Saturday Fright and Sunday Mourning

Candy Joyce is a seamstress, designer and zombie nut who has managed to combine these passions in her company Flipping Zombies. To celebrate our 12th issue out on 8 Feb (and first birthday) she spent quite a few Saturday nights and Sunday mornings making us an Alan Sillitoe doll.

I love zombies; their relentless nature makes them terrifying monsters but they’re also great for social commentary. Don’t believe me? Well, you’ve got your zombies as a symbol for consumerism in Dawn of the Dead, zombies as a symbol for class struggle in Land of the Dead, zombies as a symbol for human isolation in 28 Days Later. And now we have Dawn of the Unread, a subtle twist on the zombie genre, where writers, frustrated at library cuts and bookshop closures, return from the grave in search of the one thing that can keep their memories alive: ‘boooks’

David Wong, author of This Book Is Full Of Spiders: Seriously Dude Don’t Touch It, uses a zombie analogy to comment on religion, but for me, it’s an observation on creativity.

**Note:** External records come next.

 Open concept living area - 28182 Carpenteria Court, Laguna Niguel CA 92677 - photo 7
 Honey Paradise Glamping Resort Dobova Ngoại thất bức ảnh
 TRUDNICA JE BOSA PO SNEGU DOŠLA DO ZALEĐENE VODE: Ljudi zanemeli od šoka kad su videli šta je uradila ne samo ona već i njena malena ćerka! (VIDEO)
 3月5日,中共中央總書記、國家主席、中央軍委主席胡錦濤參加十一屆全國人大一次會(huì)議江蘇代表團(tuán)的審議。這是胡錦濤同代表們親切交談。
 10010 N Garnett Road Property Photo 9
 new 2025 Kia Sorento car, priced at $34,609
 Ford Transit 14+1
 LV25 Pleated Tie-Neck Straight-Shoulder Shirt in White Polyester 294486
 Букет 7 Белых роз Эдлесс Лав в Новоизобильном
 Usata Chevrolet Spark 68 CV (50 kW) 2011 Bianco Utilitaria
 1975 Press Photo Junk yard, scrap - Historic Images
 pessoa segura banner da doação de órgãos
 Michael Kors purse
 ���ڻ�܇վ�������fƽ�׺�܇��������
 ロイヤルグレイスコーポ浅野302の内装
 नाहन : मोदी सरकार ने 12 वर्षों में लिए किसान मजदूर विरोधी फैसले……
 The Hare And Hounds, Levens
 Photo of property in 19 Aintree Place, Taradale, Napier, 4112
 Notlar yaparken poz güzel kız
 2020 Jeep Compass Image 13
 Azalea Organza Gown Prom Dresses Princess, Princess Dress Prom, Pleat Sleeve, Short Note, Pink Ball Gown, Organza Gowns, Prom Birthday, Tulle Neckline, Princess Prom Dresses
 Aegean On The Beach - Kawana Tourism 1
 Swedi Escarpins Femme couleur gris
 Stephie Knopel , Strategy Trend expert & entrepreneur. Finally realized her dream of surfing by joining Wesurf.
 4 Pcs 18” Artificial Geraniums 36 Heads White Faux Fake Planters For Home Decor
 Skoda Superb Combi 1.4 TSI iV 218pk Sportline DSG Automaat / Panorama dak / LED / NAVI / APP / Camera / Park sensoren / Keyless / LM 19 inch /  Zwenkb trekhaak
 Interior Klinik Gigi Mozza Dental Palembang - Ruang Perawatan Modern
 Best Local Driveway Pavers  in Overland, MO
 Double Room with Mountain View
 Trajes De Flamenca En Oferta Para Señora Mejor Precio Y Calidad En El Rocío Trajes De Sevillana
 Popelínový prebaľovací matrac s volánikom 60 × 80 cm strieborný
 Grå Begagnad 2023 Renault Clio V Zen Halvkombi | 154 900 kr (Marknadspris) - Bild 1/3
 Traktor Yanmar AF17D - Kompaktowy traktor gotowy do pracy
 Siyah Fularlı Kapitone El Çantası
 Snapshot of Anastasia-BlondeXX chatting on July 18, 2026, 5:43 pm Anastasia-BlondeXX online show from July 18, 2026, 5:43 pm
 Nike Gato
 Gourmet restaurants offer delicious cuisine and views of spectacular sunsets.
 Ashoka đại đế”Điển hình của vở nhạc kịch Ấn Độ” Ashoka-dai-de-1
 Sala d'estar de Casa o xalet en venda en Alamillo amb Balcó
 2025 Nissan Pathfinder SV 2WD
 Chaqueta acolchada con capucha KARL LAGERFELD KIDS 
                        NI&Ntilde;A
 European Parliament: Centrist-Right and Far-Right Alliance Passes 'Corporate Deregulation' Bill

“The zombie looks like a man, walks like a man, eats and otherwise functions fully, yet is devoid of the spark. It represents the nagging doubt that lays deep in the heart of even the most zealous believer: behind all of your pretty songs and stained glass, this is what you really are. Shambling meat. Our true fear of the zombie was never that its bite would turn us into one of them. Our fear is that we are already zombies.”

Candy BLOG

The creative spark is as infectious as any zombie virus. If you use your spark well, it could even keep your name alive from beyond the grave. Flipping Zombies combines my love of being a zombie fan, a seamstress and a graphic designer. Flipping Zombies are digitally printed cloth dolls that are normal people on one side and ‘flip’ inside out to turn into…brain hungry zombies. Someone, perhaps in homage to Peter Andre’s ‘insania’, once described them as being adhorrible (adorable/horrible) which I think sums them up nicely.

I design each doll using Corel DRAW, then, once I am convinced that they are adhorrible enough, print them out and begin the process of cutting, stitching and stuffing them together. The sewing of each doll takes about an hour but the design process varies. I have made a wardrobe of design templates for clothes, shoes, hairstyles etc so the outfit of each doll comes together quickly. The time consuming bit is researching and drawing additional wounds and hand drawing the faces.

Sillitoe BLOG

I really enjoy creating bespoke designs, so was really excited when James asked me to create an Alan Sillitoe doll. Our main decision was whether to make Mr. Sillitoe old or young. We opted for his golden years. There’s no ageism here at Flipping Zombies!